CHAPTER FOUR

Hearing

Contents

The Auditory System

Cochlear Physiology

Perception of Sound

References

Suggested Reading

The study of the nervous system’s cognitive response to sound stimuli is known as psychoacoustics: it is part acoustics and part psychology. The visual system is often considered the more important sensory modality, but the auditory system is far faster in its analysis and response to incoming sensory information. It is when we first begin to work with sound recording that we become aware of many of the subtleties present in our auditory system. For example, phenomena such as masking, in which only the louder of two sounds close together in frequency is perceived, are attributable to the behavior of our auditory physiology. All one needs to do to appreciate our native sound-processing capabilities is listen to how different the world sounds through microphones and headphones rather than just through our ears. A complete study of the function of the auditory system is exceedingly complex and beyond the scope of this discussion; however, we can still appreciate some of the features of the system that affect directly how we perceive sounds, especially when they are critical to the processes employed in the recording of sound.

Our auditory system is incredibly sensitive, allowing perception over many orders of magnitude in both amplitude and frequency. We can discriminate tiny changes in sound timbres and accurately determine where in space a sound originates. We experience sound through our ears and nervous system, so our perception cannot be divorced from these mechanisms, and their characteristics influence what we hear. The pattern of air pressure vibrations striking our ears provides the input, but just as the structure of a room alters sound waves as they pass through it, so the apparatus of hearing changes the information we ultimately receive in our brains’ auditory processing areas. We have the advantage of an adaptive brain, which learns how to process the sensory inputs we receive from the cochlea, the organ that converts sound wave energy into neuronal signals, and adapts to the inherent imperfections of our own auditory system. Nevertheless, we must process sound information through our hearing organs, and our perception includes distortions – alterations in the way sounds are transmitted and converted to neuronal signals and in the way our brain interprets these inputs and renders for us what we refer to as hearing.

THE AUDITORY SYSTEM

Musical sounds contain a complex combination of individual sinusoidal components, each with a particular amplitude, frequency, and phase relationship with the other elements. By combining these components, the characteristic sounds of different instruments and voices are created. These combinations are known as timbre, a quality that distinguishes the sound of different instruments even when they play the same note at the same loudness. This explains in part why a horn sounds different from a stringed instrument: each produces a specific combination of mathematically related frequencies known as harmonic overtones that result in the characteristic sound. (Some sounds, such as bells, contain non–harmonically related overtones.) The timbre of a sound must be preserved in the recording process in order for a sound to be perceived as natural sounding.

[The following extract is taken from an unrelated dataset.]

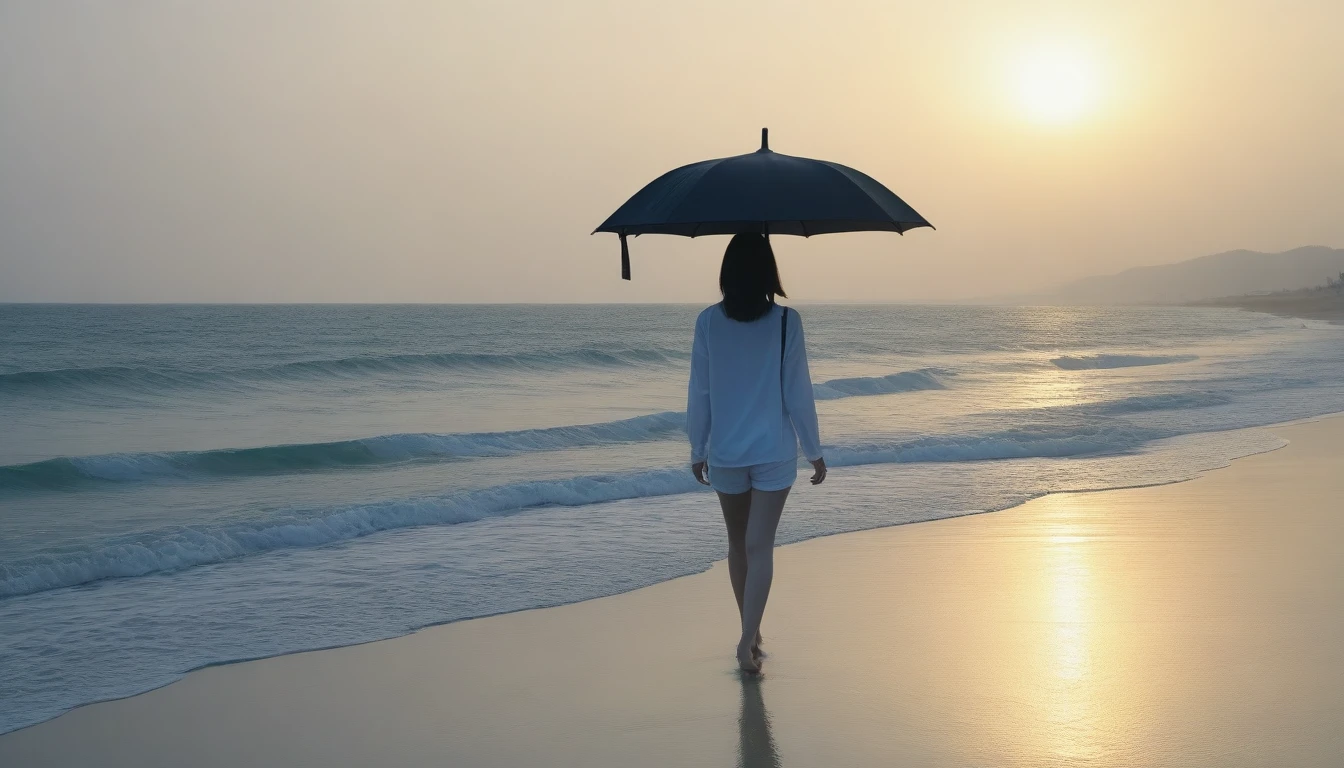 8k, Vivid picture quality, Vivid picture quality, long deserted beach, walking slowly from afar, short medium hair, beautiful appearance, Model-like body, sunset의 붉은 빛, sunset, alone, afternoon, depressed, tide가 밀려온다, rain, black umbrella, ocean, tide, wind, rain가 내리는, Short and slim Korean woman, tower, White shorts, rain가 내리는, walking on the beach with a black umbrella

Timbre alone is not sufficient to fully discriminate between instrument sounds, however, as the time course of onset and decay of notes is also characteristic of instrument sounds. Instruments with similar timbres will sound different from each other if their attack, sustain, and release characteristics are different.

We often assume that what we perceive as pitch is exactly equivalent to the actual vibratory frequency of the sound wave and that what we perceive as loudness is directly proportional to the amplitude of the sound wave pressure variations. In fact, the operation of our auditory system deviates somewhat from these ideals, and we must factor these deviations into our understanding of the process of hearing: the first stage in the process of hearing, handled by the outer ear (pinna) and ear canal (Figure 4-1), distort the incoming pressure wave intentionally. The ridges of the ear reflect particular frequencies from certain directions in order to create an interference pattern that can be used to extract information about the elevation from which a sound originates. Sounds originating from above are reflected with increased high-frequency content relative to the same sound originating at the level of the ear. Front-to-rear discrimination also depends in part on the shadowing of rear-originating sounds by the pinna. The external auditory meatus, or auditory canal – the guide conducting the sound wave to the eardrum – is a resonant tube that further alters the frequency balance of the sound wave. The resonant frequency falls in the same frequency range as the peak in our sensitivity, around 3kHz, and creates a maximum boost of about 10 dB. This is the frequency range that conveys much of the information contained in speech; in fact, the wired telephone system transmits frequencies from only 300 to 3400 Hz. The vibrations that finally excite the eardrum differ from the original sound pressure variations: they contain an altered balance of frequency components, affecting the timbre of the sound.

image

Figure 4-1 The anatomy of the human ear.

The tympanic membrane, or eardrum, is a flattened conical membrane that stretches across the inner end of the ear canal. It is open to the auditory canal on the outside and in contact with a set of three tiny middle ear bones, the ossicles, on the inside. The pressure on the outside of the tympanic membrane is determined by the sound wave and the static atmospheric pressure. On the inside of the tympanic membrane, the static air pressure in the middle ear is equilibrated through the Eustachian tube to the throat, while the sound vibrations are conducted through the bones to the cochlea. Equilibrating middle ear pressure with the outer ear pressure reduces any damping of the tympanic membrane caused by pressure differences that result in unequal forces on opposite sides of the membrane. The mechanical characteristics of the middle ear allow for active control of the transmission efficiency between the eardrum and the cochlea. The tiny muscles connecting and suspending the bones and ligaments can contract, stiffening the connection and drawing the ossicles away from their attachments to the tympanic membrane and cochlear oval window. This contraction allows adjustments of the sensitivity of the hearing process through the acoustic reflex, which may be activated by loud sounds (to protect the inner ear from possible damage) as well as by the intention to begin vocalizing. The acoustic reflex mechanically reduces the dynamic range of the input to the cochlea, much like a compressor or limiter. The time course of activation and release of the reflex can be used to determine the attack and release of electronic compression characteristics so that they sound natural.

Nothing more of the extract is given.